Calgarians gather to remember the lost and speak to the future of the trans community
The transgender community has made great strides in the fight to be accepted by society. But the somber atmosphere at Calgary’s recent Transgender Day of Remembrance was a reminder of the struggles the community has faced over the past year — though the future looks hopeful.
For 15 years, the Transgender Day of Remembrance has been commemorated internationally on or around Nov. 20 with event on Sunday, Nov. 23 being the ninth year that it has been honoured in Calgary.
This event memorializes those who have been killed as a result of another’s transphobia; that is, discrimination or hatred towards transgender people.
Members of the audience read out 81 names and their causes of death.

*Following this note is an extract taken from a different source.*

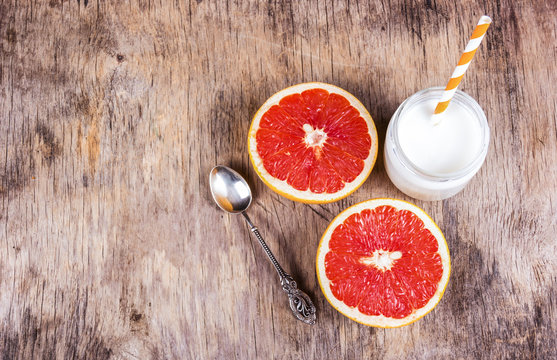 Two halves of juicy grapefruit, vintage silver spoon and homemade yogurt on the old wooden background. Copy space.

Photo by Katherine HuitemaOn the list is the horrific death of Géia Borghi of Saõ Paulo, Brazil, shot in the chest, bound, gagged and set on fire.

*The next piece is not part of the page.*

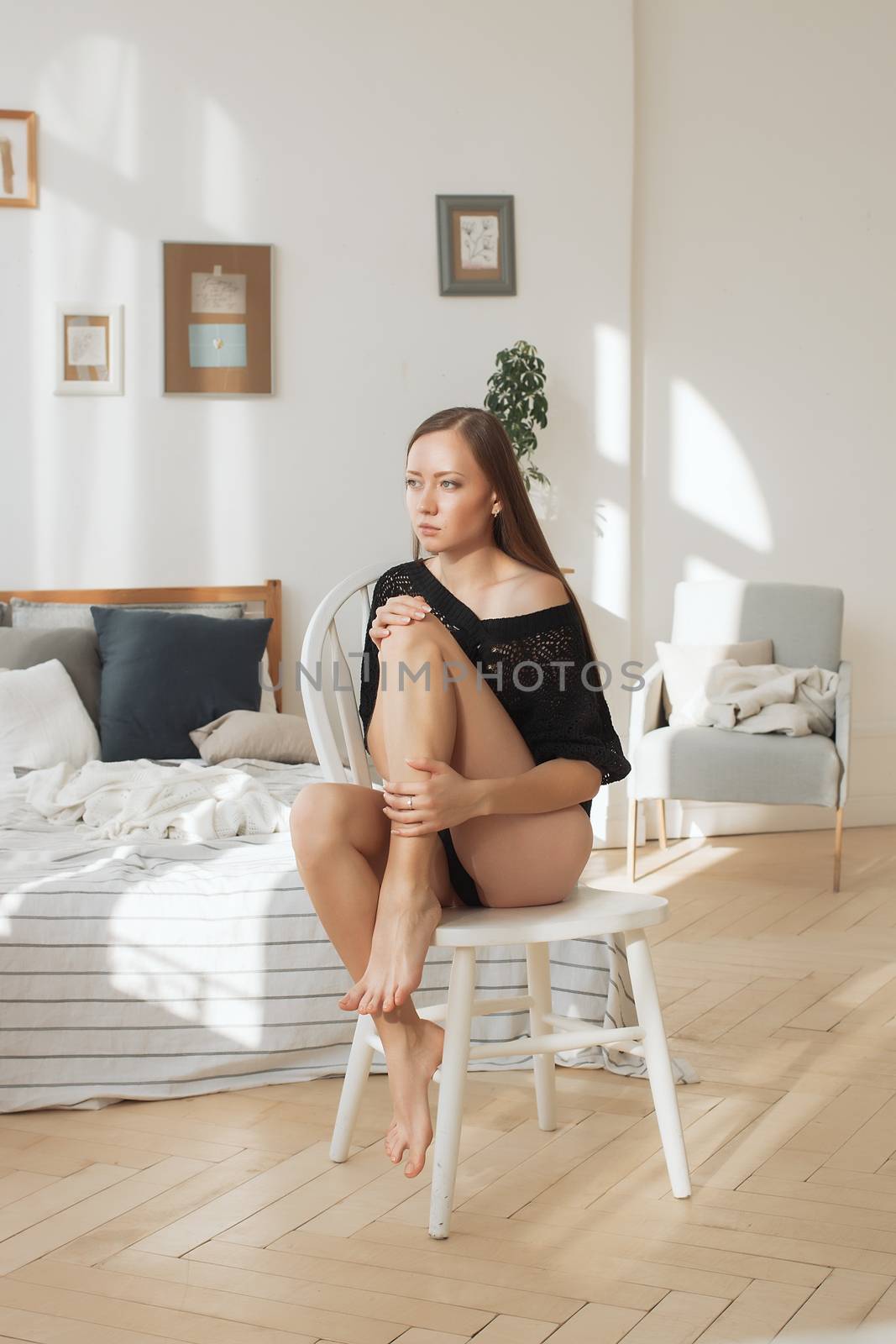 Beautiful young woman in a sexy black underwear.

Kandy Hall, 40, died of blunt force trauma in Maryland, USA on June 3, 2014. Her body was left in a field.
Zaraida “Ale” Reyes, 28, was choked to death in Anaheim, California on June 10, 2014.
A moment of silence followed the reading of the names to remember those that the transgender community has lost.
However, the fear of death from transphobia is not the only struggle the transgender community faces. Locally, members still struggle to get our government to recognize their gender.
“When I went through the process and went full-time with the legal name change, the birth certificate came back with still the incorrect gender marker, still my previous gender marker,” said Stephanie Shostak, a speaker at the event who spoke about her transition.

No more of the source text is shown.